ACTIVITY:
Instruction for the entries below: return the part that opens with the line containing "9imod S1500M Metal" and closes with the line containing "Nike quarter 1/4", exactly, and no pictures.

SUPPLIED MATERIAL below:

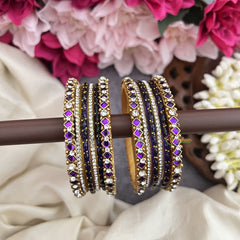 Vriksham Royal Purple & Gold Stone-Studded Traditional Silk Thread Bangle Set-G19853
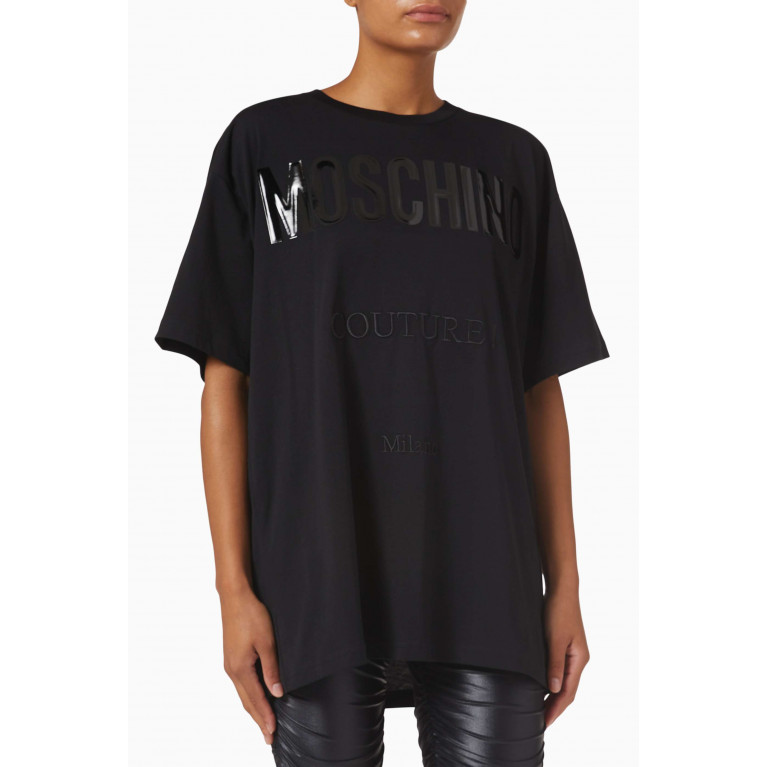 Moschino - Moschino Couture Oversized T-shirt in Organic Cotton Black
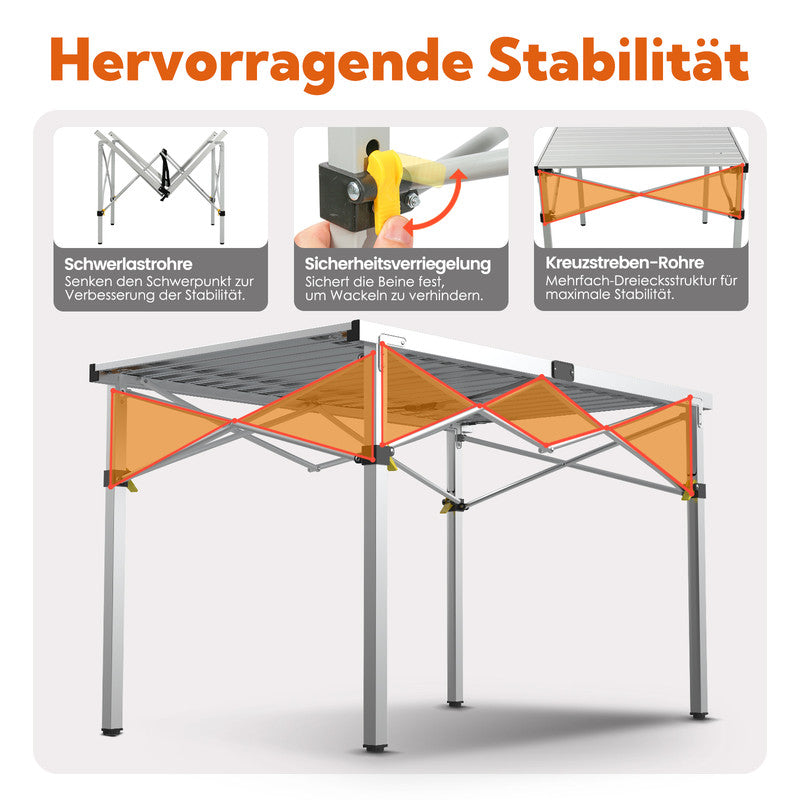 HOMECALL Campingtisch klappbar 117×70 cm – Outdoor Klapptisch Gartentisch für 4-6 Personen bis 100 kg belastbar | B-Ware Sonderposten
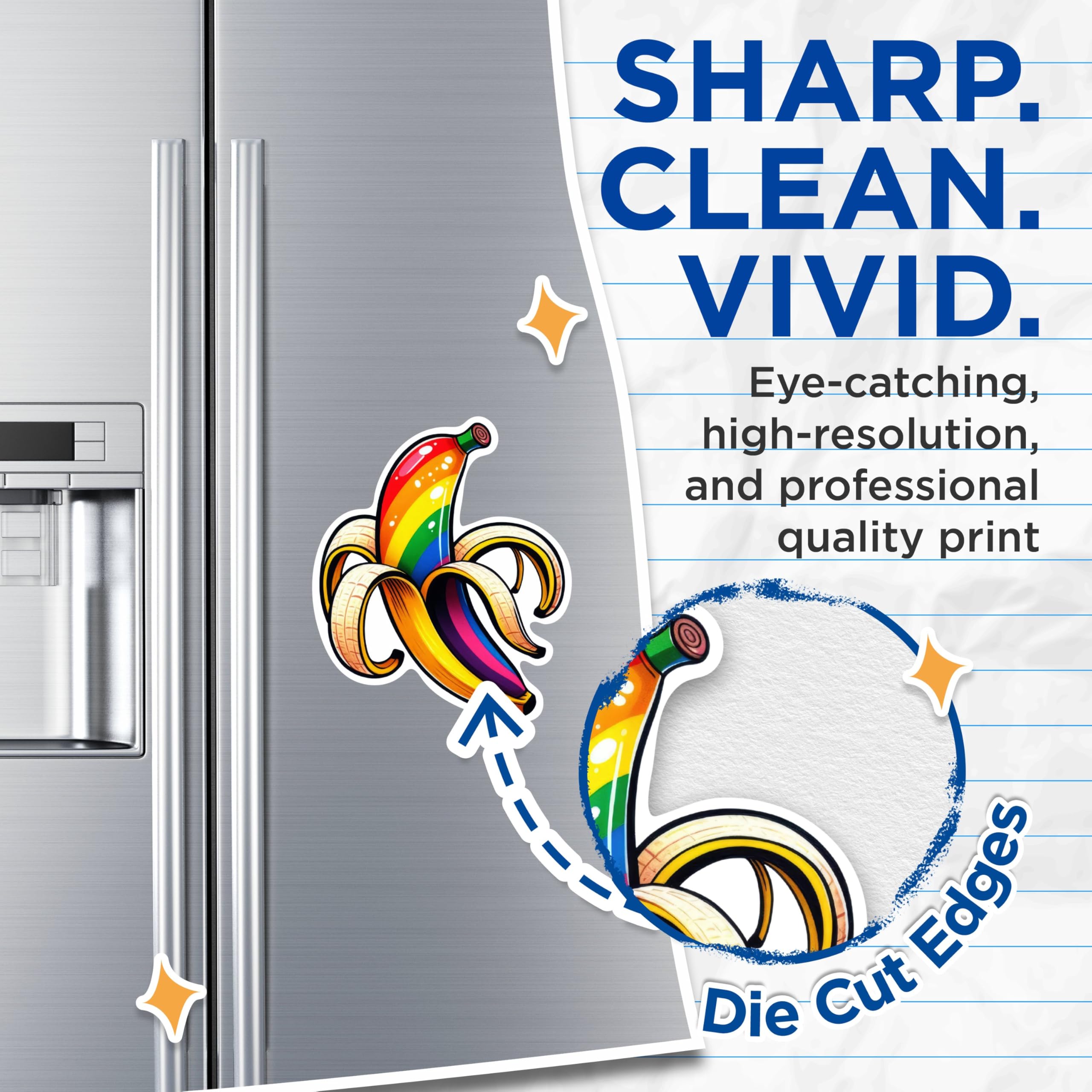(2 Pack) Baa LGBTQ Magnets - Rainbow Flavored Baa Magnet - 5 Inches On Longest Side - Premium Magnet - for Cars, Refrigerators, Toolboxes - Made in USA - MAG2129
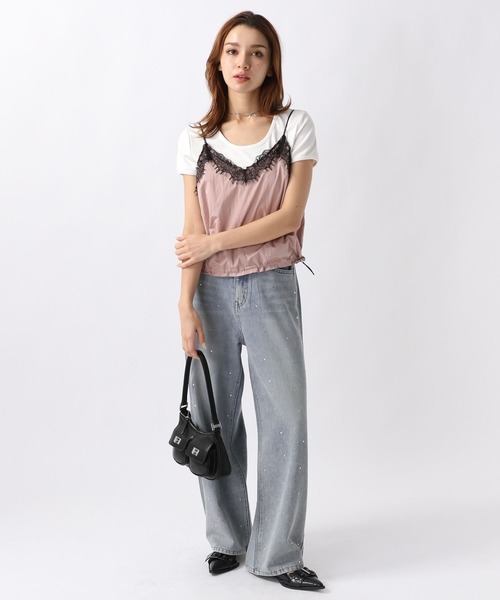 FOREVER 21（フォーエバー トゥエンティーワン）の「【2024SS】レースドッキングナイロンキャミ（キャミソール・レディース・グレー/ピンク・FREE）」の8枚目の写真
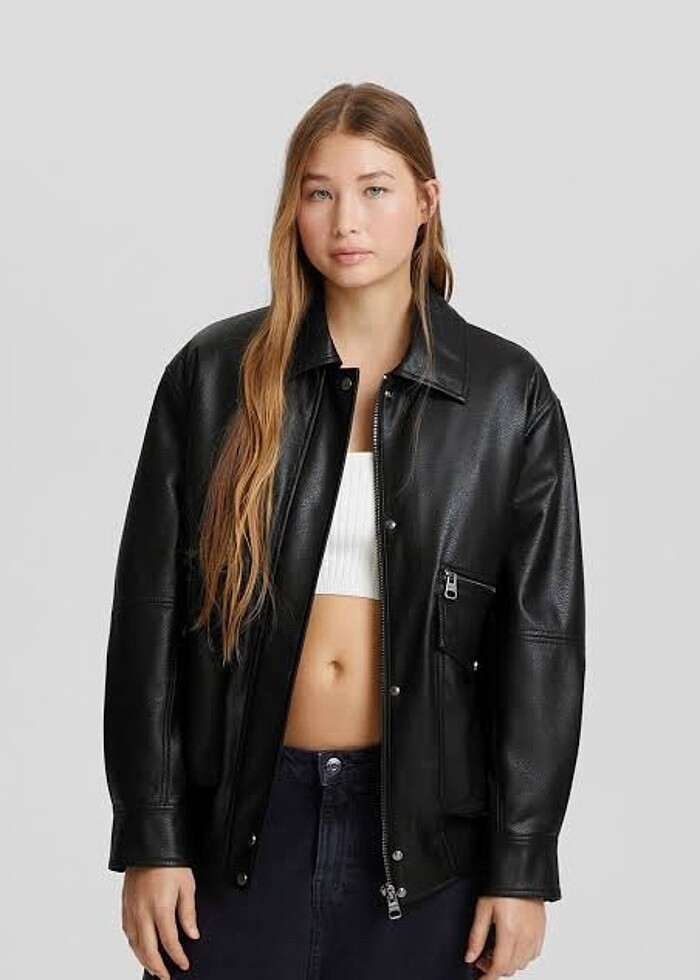 Bershka Suni Deri Oversize Dad Fit Deri Ceket - Görsel 2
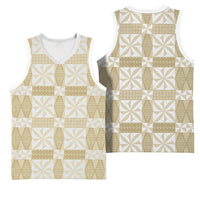 Beige Ngatu Pattern Malo e Lelei Tonga Basketball Jersey LT14 - Polynesian Pride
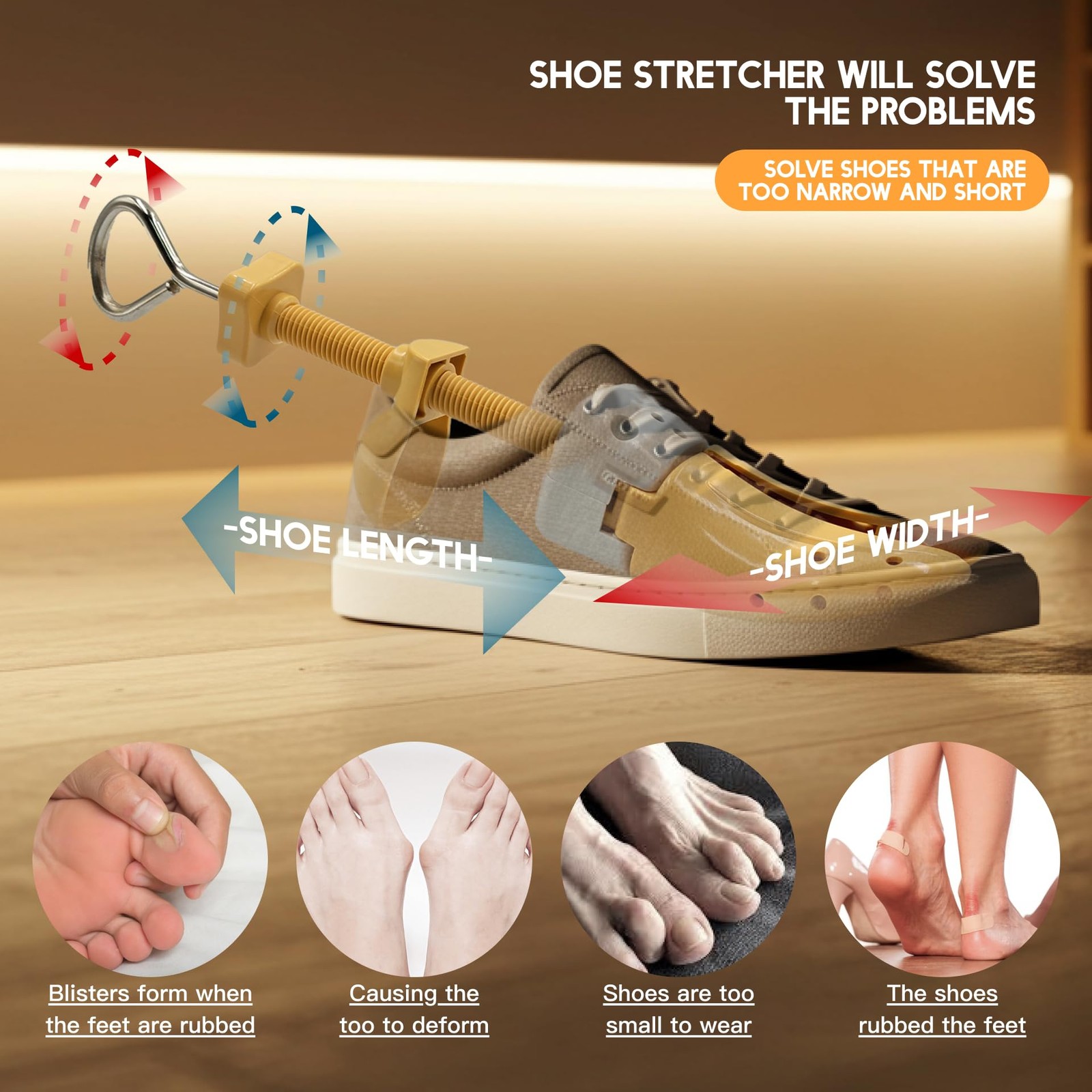 JJDPARTS Shoe Stretcher Women and Men,Pair L S, L (for Men Size Us 8-13)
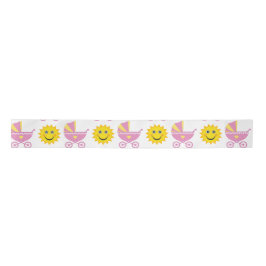 PINK YELLOW WHITE SUNS & BABY CARRIAGES SATINBAND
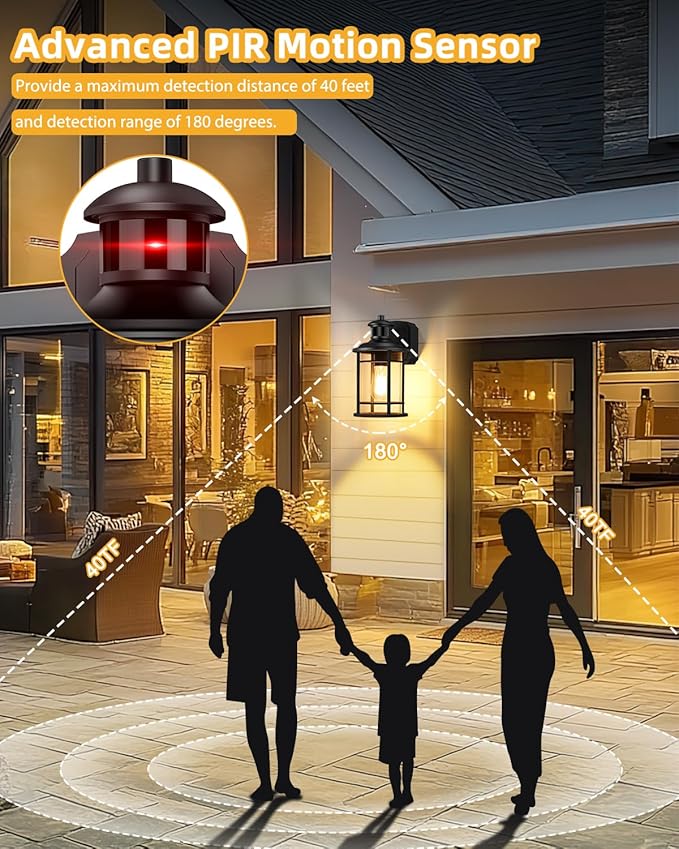 Porch Lights with GFCI Outlet, Dusk to Dawn Motion Sensor Outdoor Lights, 3 Lighting Modes Waterproof Anti-Rust Alunmium Outside Porch Wall Light, Exterior Light Fixture for House Garage Front Door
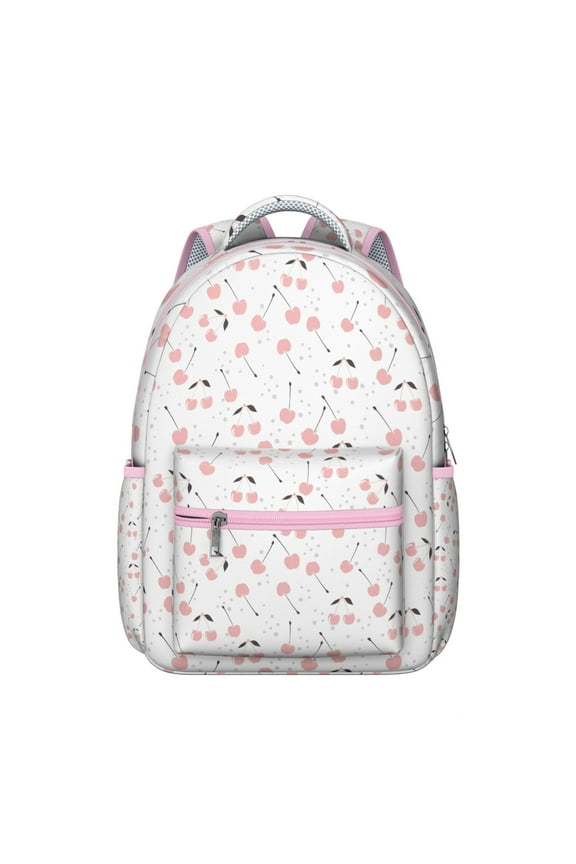Cherry Fruit Students Backpack Cute Red Cherries Pattern School Bag with Sweet Aesthetic Print for Cherry Lovers and Candy-Inspired Illustration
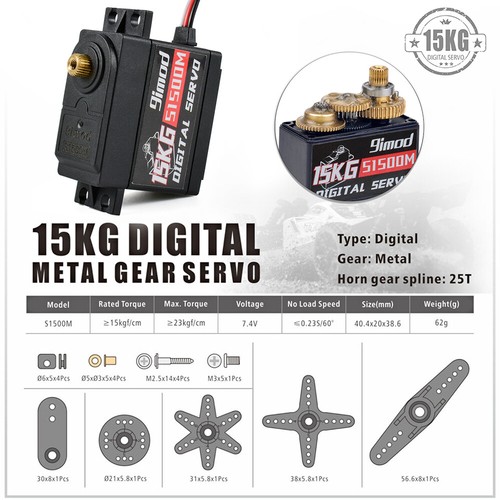 9imod S1500M Metal Gear Digital Servo Motor Lenkservo für 1/8 1/10 RC Auto - Bild 11 von 12
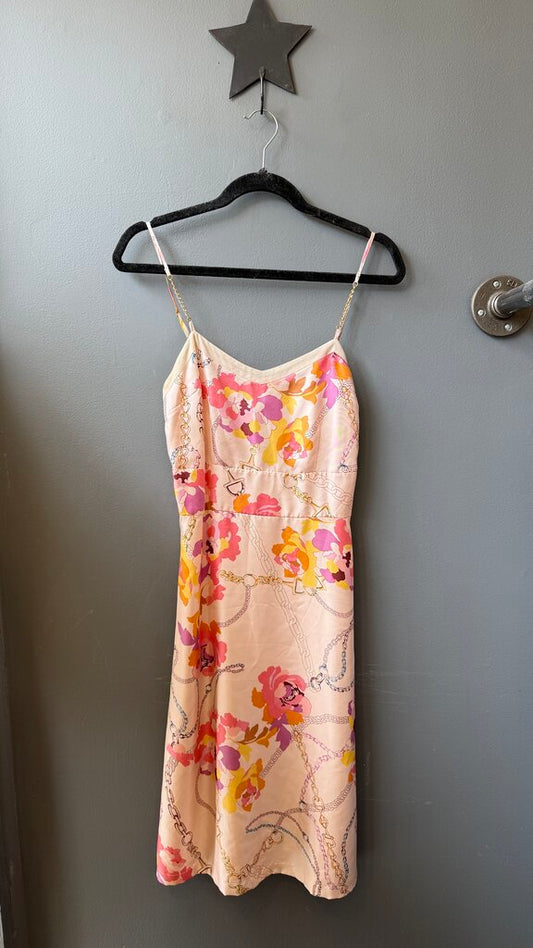 Silk Chain Floral Print Midi Dress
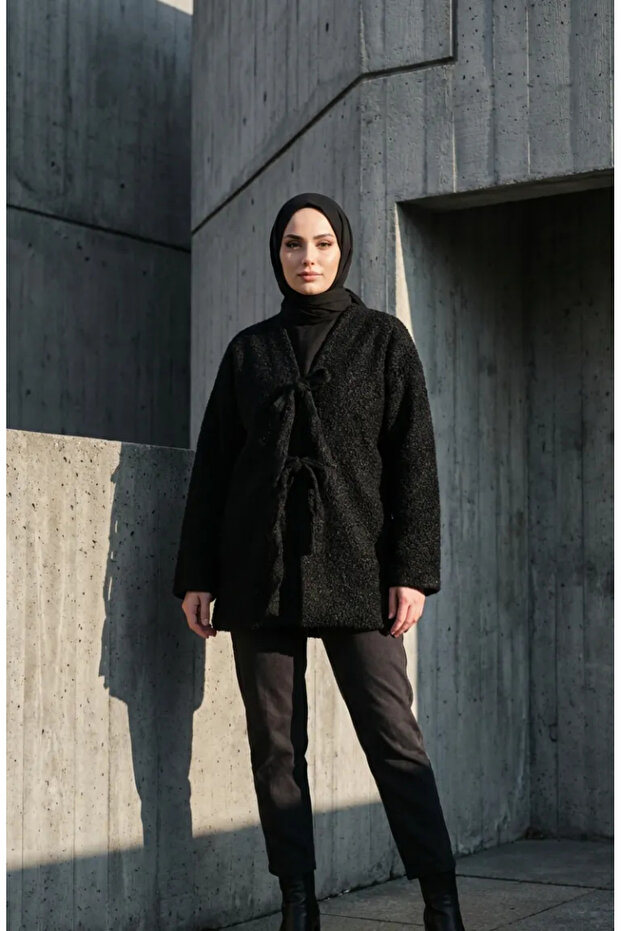 Buklet Fabric Tied Winter Cap 2234-05 Black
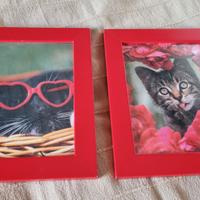 2 Quadretti Gatti Cornici Rosse Ikea 21x16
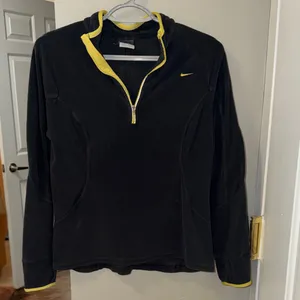 Nike quarter 1/4 zip up Black and Yellow fleece Pullover thumbnail 3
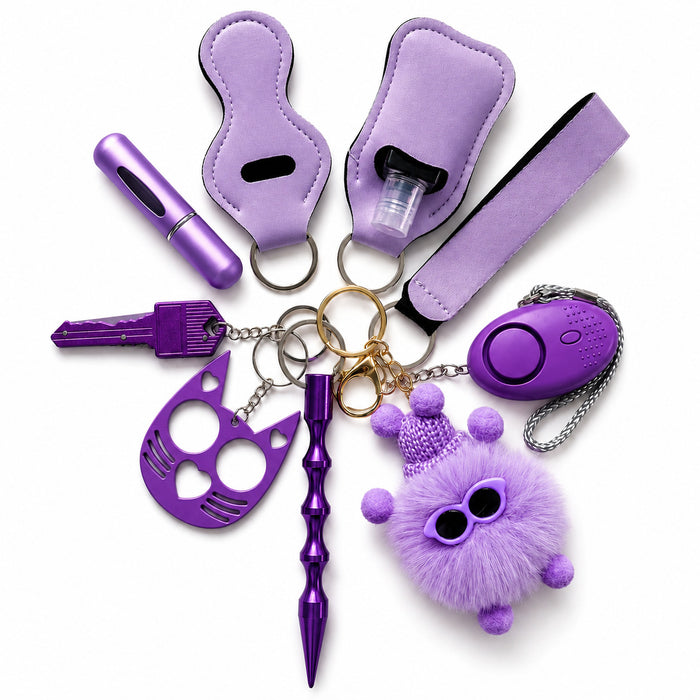 Wholesale Ladies Safety Keychain Set With Neoprene Storage Pouch 10 Piece Red Trendy Car Key Accessory
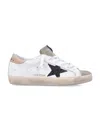 Golden Goose Superstar White Low Top Sneakers With Glittered Star Patch And Laminated Heel With Logo Lettering In In White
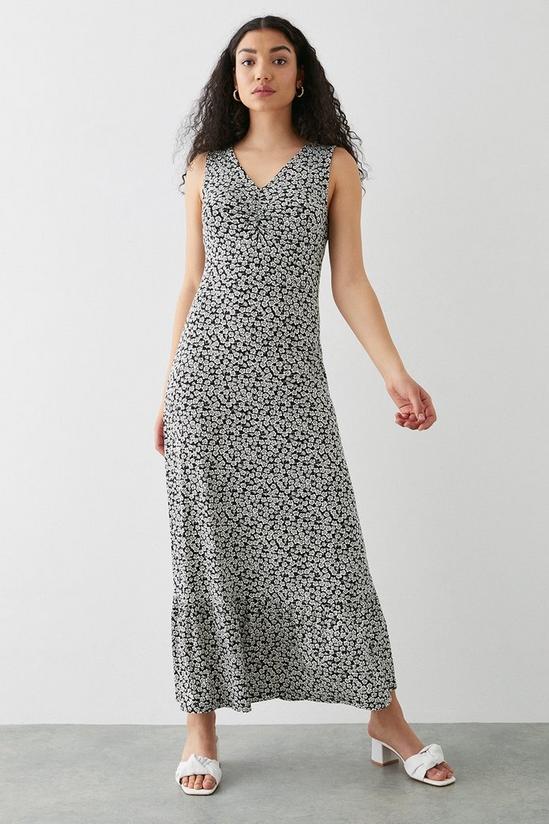 Dorothy Perkins Mono Ditsy Floral Ruched Front Maxi Dress 1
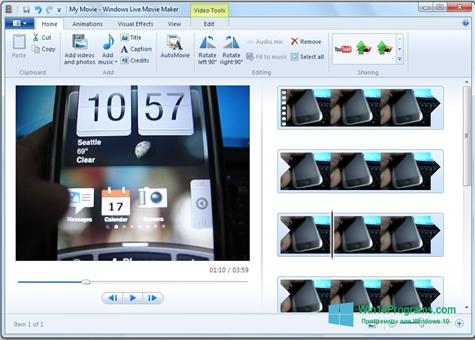 Скриншот программы Windows Live Movie Maker для Windows 10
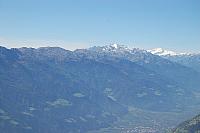 Blick auf das Hasenöhrl, die Zufallspitzen und den Cevedale in der Ortlergruppe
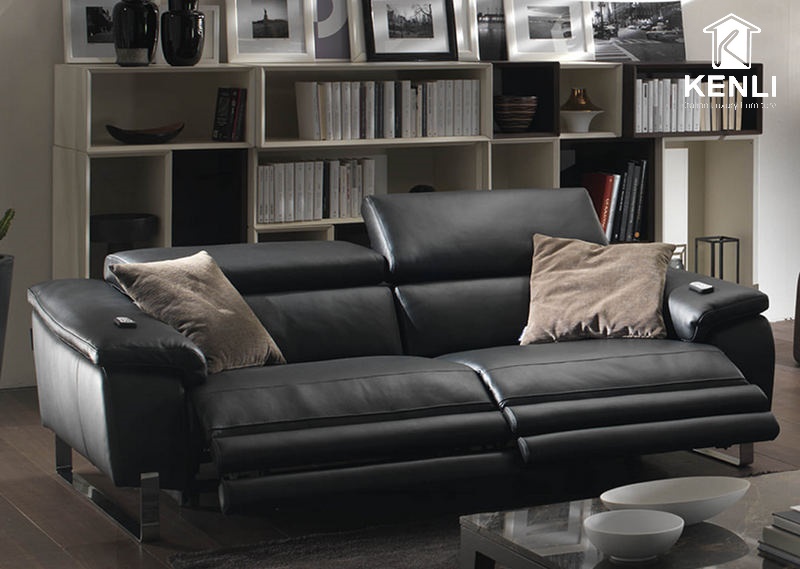 12 mẫu ghế sofa màu đen hứa hẹn gây bão trong năm 2021 3 Sofa da thật app mb66 từ Chateau d'Ax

End of SUPPLIED MATERIAL.

FINISHED TASK:
 9imod S1500M Metal Gear Digital Servo Motor Lenkservo für 1/8 1/10 RC Auto - Bild 11 von 12
 Silk Chain Floral Print Midi Dress
 Buklet Fabric Tied Winter Cap 2234-05 Black
 2 Quadretti Gatti Cornici Rosse Ikea 21x16
 Nike quarter 1/4 zip up Black and Yellow fleece Pullover thumbnail 3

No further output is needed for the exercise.